We humans are resourceful creatures. Faced with high house prices and a planet increasingly affected by our growing carbon footprints, we’re making some tiny changes that are morphing into a giant movement.
Increasingly, people are opting for more sustainable lifestyles, whether it’s installing solar panels on the roof, recycling or growing their own fruit and veggies. Then there are those who are reducing their carbon footprint by reducing the physical footprint of their home. It’s called The Tiny House Movement
, and it’s having a huge impact on the way we think about our dwellings.
Decluttering and minimalist living have been buzzwords for several years, with numerous blogs, articles and entire TV shows devoted to helping us reduce our stress by reducing our “stuff”. The Tiny House Movement takes this a step further by ensuring we don’t have anywhere to accumulate unnecessary clutter in the first place.
That’s not a bad thing when you realise Australians spend almost a third of their income on mortgage repayments. It’s also brilliant when you consider what environmental monsters many project homes are. In an age when families are smaller than they’ve ever been (less than two children on average) we’re building bigger houses than we’ve ever had in the form of four or five bedroom (plus study) McMansions complete with three bathrooms (okay, that’s not necessarily a bad thing) and numerous living areas.
Australian houses are the largest in the world with an average of 243 square metres, according to the Australian Bureau of Statistics and Commsec.
And a major factor that determines a house’s greenhouse gas emissions is its size and location — with average Australian houses emitting 18 tonnes per household a year according to the Environment Protection Authority.
However, a growing number of Australians are ditching big home concept (and with it the outrageous mortgage) to opt for something smaller and more affordable - a Tiny House.
So how did it all get started?
The Tiny House movement grew out of tragedy – as so many great concepts do. When Hurricane Katrina left thousands of people in the US’ southern states homeless in 2005, miniature homes were built to create quick shelters for them.
People quickly came to see how comfortable these compact dwellings could be and began to emulate them. Now the craze is spreading across Australia.
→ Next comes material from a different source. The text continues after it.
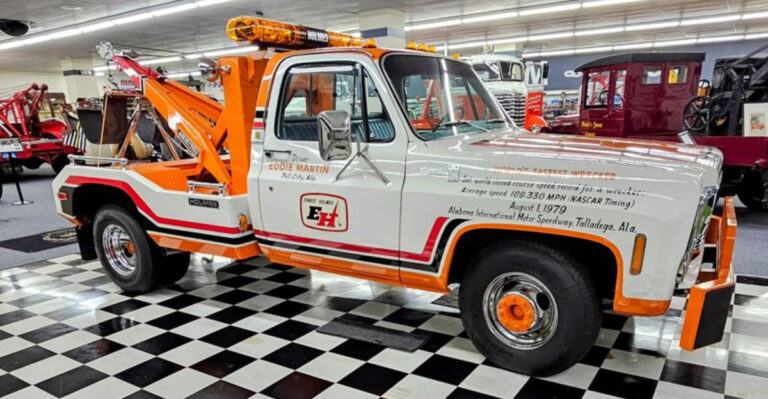 Tennessee’s 7 Coolest Small Museums Nobody Talks About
These pint-sized homes are usually 2.5m wide and about 7m long. That means there’s no room for clutter. They provide an affordable alternative to a regular sized home for those looking to get started in the housing market, looking to downsize or who simply want to live a minimalist lifestyle.
A Tiny business model
Here in Oz we tend to be early adopters of new ideas and technology, so it’s hardly surprising that Tiny Home designers and builders are starting to pop up around the place. Among them is The Tiny House Company. Greg Thornton and Lara Nobel are architects and apprentice carpenters who teamed up with builder Andrew Carter to found the business, which now includes a crew of tradespeople all excited about the chance to build something different.
“Sustainability has driven these tiny homes from day one,” Lara says. “It has inspired the design, grounded our decision-making, and brought us closer to a movement of like-minded people who are fighting for more just housing options and practices. Of course, living in small dwellings is nothing new (most of the world already does it) but here in Australia we’ve lost our way – just look at the figures. Our houses are among the world’s largest. Our housing needs are changing – diversifying – and it’s time the housing market caught up and offered some more alternatives to the ‘just in case we need it’ suburban four-bedder.”
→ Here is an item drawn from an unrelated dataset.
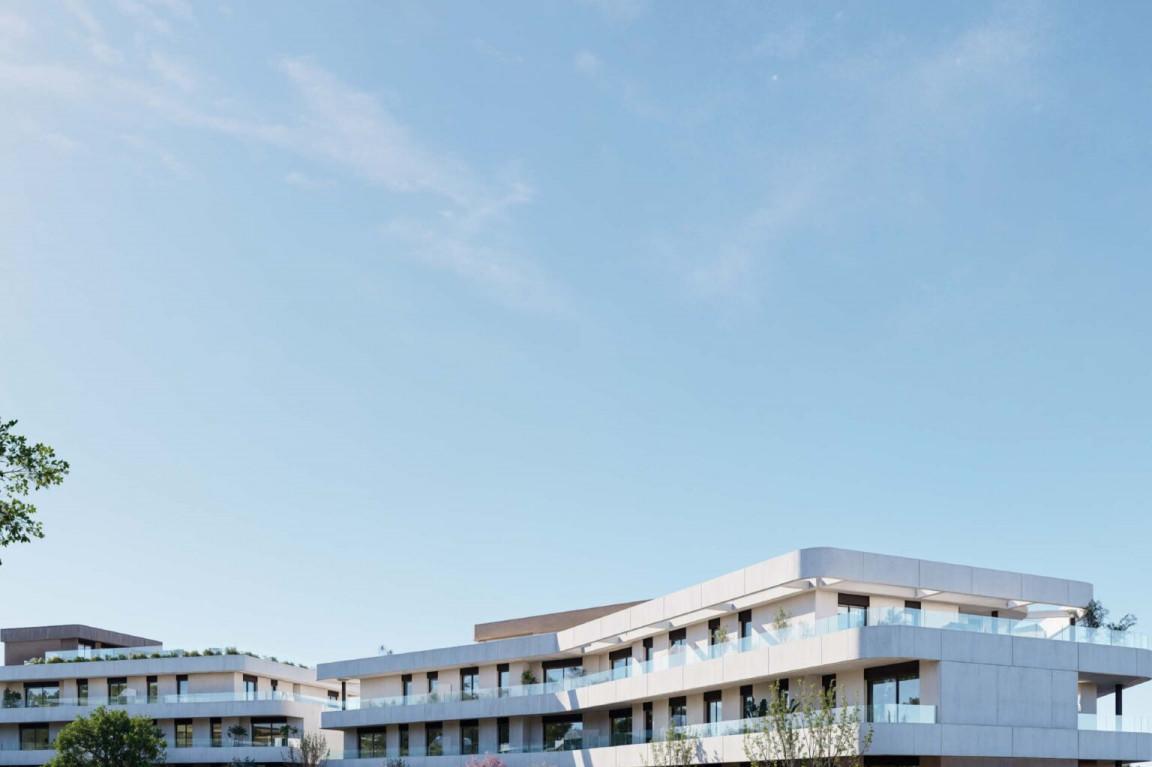 Apartamento en Venta en Estepona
Their transportable 18 square metre tiny house design demonstrates how you can live sustainably and comfortably in an aesthetically beautiful small space. “Continuous sight lines through the length and width of the house help to provide a spacious feel,” Lara says. “Combined with operable windows, they also allow very effective cross-ventilation of the house. As an added bonus, correctly ventilated tiny houses can be passively heated and cooled in an instant.”
So how do you deal with every function of a house competing for 18 square metres of floor space? By combining two spaces into one. Lara says the retractable bed has 3m of headroom by night and floats over a 2.4m lounge space by day. “Controlled wirelessly by remote, this bed needs no folding, no packing away - you don't even have to make the bed,” she says. “The bed and lounge seating work in unison. As the bed lowers onto the cushions it slips past the backrest which becomes a padded headboard when fully lowered. Cushions, pictures and wall-mounted screens can all remain in place.”
What’s in the future?
Where to next for the Tiny House Movement we may well ask. As global warming, capital city property prices and an increasing desire among the population for a return to a more sustainable lifestyle push people to reconsider their ideas about what is desirable and necessary in a home. One thing is certain – this tiny idea has a big future.